In addition to hiring Buddy Rich, he signed Billie Holiday as his band’s vocalist in 1938. This made him the first white band leader to hire a full-time Black female singer to tour the segregated Southern United States. However, after recording "Any Old Time," Holiday left the band because of hostility from audiences in the South and music company executives who wanted a more "mainstream" singer.

Like his main rival, Benny Goodman, and other big band leaders, Shaw created a smaller group in 1940. He named it Artie Shaw and the Gramercy Five after his home telephone exchange. Band pianist Johnny Guarnieri played harpsichord on the group’s recordings, and Al Hendrickson played electric guitar. Trumpeter Roy Eldridge joined the group, replacing Billy Butterfield. In 1940, the original Gramercy Five recorded eight songs, and Shaw dissolved the band in early 1941. The Gramercy Five’s biggest hit was "Summit Ridge Drive," one of Shaw’s million-selling records. His last prewar band, formed in September 1941, included Oran "Hot Lips" Page, Max Kaminsky, Georgie Auld, Dave Tough, Jack Jenney, Ray Conniff, and Guarnieri.
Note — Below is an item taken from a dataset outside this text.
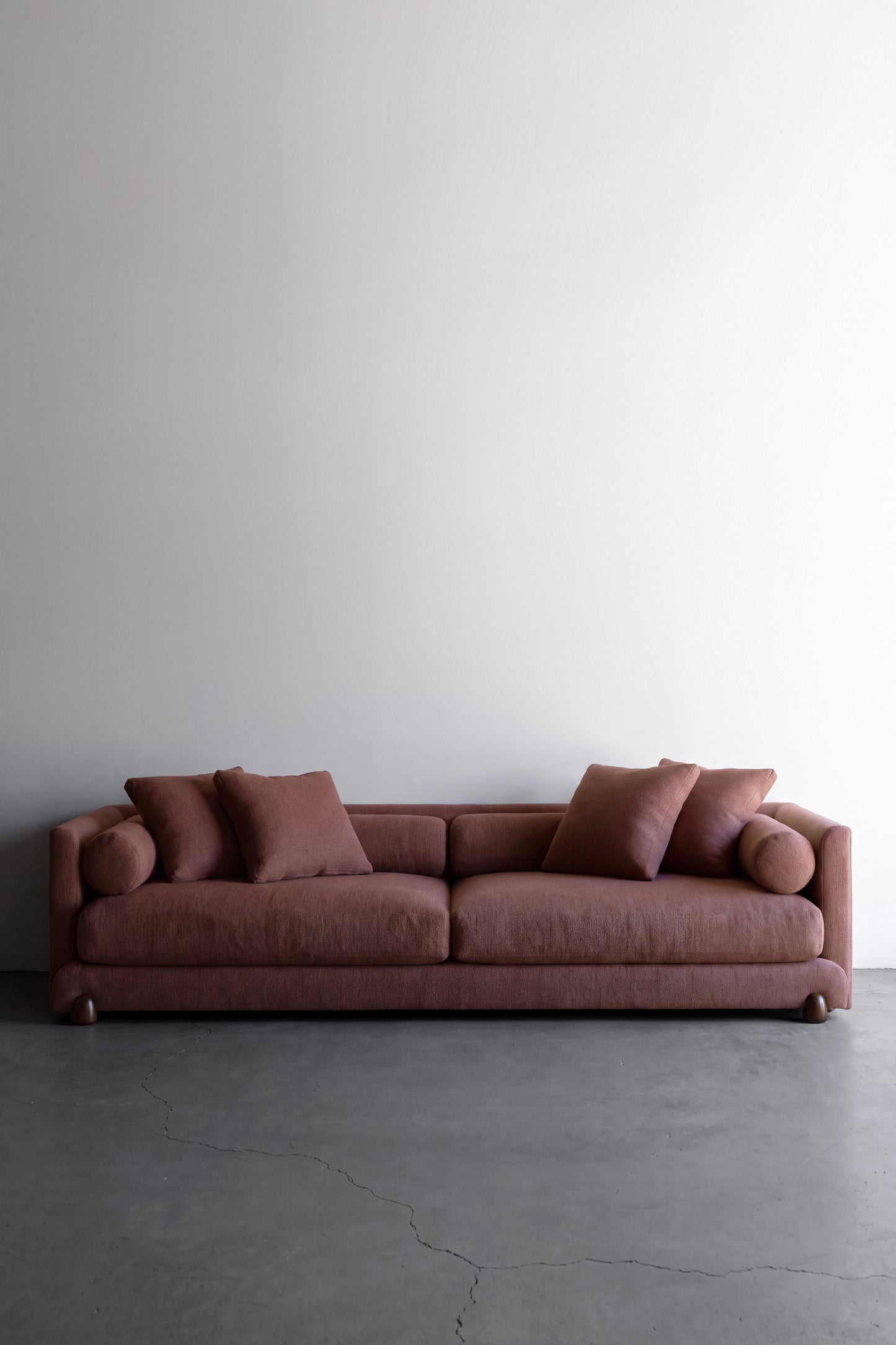 alt_text::Delano Sofa - shot of left side||color::COM // Trade Members Only||show_in_gallery::true||position::first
Throughout his career, Shaw formed many musical groups, including Lena Horne, Helen Forrest, Mel Tormé, Buddy Rich, Dave Tough, Barney Kessel, Jimmy Raney, Tal Farlow, Dodo Marmarosa, and Ray Conniff. He used the somber "Nightmare," with its Hasidic elements, as his theme instead of choosing a more popular song. In a televised interview in the 1970s, Shaw criticized the "asinine" songs of Tin Pan Alley, which were the foundation of popular music and which bands, especially his own, were forced to play repeatedly. In 1994, he told Frank Prial of The New York Times: "I thought that because I was Artie Shaw I could do what I wanted, but all they wanted was 'Begin the Beguine.'"

Throughout his career, Shaw had a habit of forming bands, developing them quickly, making a series of recordings, and then disbanding. He rarely stayed long enough to perform live shows of his recorded hits. After his second band broke up in 1939, he rarely toured and, when he did, his appearances were limited to long-term engagements in one place or bookings that required little travel, unlike many bands of the time that traveled widely.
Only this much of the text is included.